A start-up based in Lower Saxony, Germany is fighting the flood of waste. The company provides support for the catering industry in switching from disposable to reusable packaging and will soon launch its own range made from organic-based material.
Eight million tonnes of waste end up in the world’s seas and oceans every year. The World Bank has calculated that global waste volumes will increase from the current level of about two billion tonnes to 3.4 billion tonnes by 2050. In Europe, just under a third of the waste produced is currently recycled, compared to a mere nine per cent in the USA. It is numbers like these that electrified Can Lewandowski. As a business administration student in Hanover back in 2017, he and his fellow student Jan Patzer came to an agreement: “Let's do something about this now!”
“From the very beginning, our aim was to combine sustainability with economic efficiency,” says Lewandowski. “We knew that the only way to overcome the hurdles was to bring the two elements together.” Their start-up “Crafting Future” for innovatively manufactured reusable tableware began with a coffee cup produced according to the reusable principle. Lewandowski had worked a lot in the catering industry, and he abhorred the quantity of paper cups that ended up in the rubbish after just a few minutes. So why not create a sustainable alternative? The two friends came up with the pioneering product for which they did not use conventional plastic, but rice husks. They funded the start of the project with a start-up loan from KfW.

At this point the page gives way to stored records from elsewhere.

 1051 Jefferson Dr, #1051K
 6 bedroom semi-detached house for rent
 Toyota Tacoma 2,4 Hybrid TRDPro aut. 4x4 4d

A lot has changed since then. Lewandowski and Patzer realised that the compostable material paradoxically stands in the way of their mission to reduce waste. “As it is compostable, it rightly ends up in organic waste. However, it is not recognised as compostable at the recycling plants but as wrongly sorted plastic,” they explain. The new approach is to create something that can be completely bound in cycles. For example, they developed the Rebowl system – for which they received the KfW Entrepreneurs’ Award 2021 – a reusable range for the catering industry that meets three requirements: functionality, durability and recyclability at the end of a long service life. In order to get the project up and running quickly, they first dispensed with the organic-based raw materials aspect and used monomaterial made from a single classic plastic that can, however, be ideally recycled.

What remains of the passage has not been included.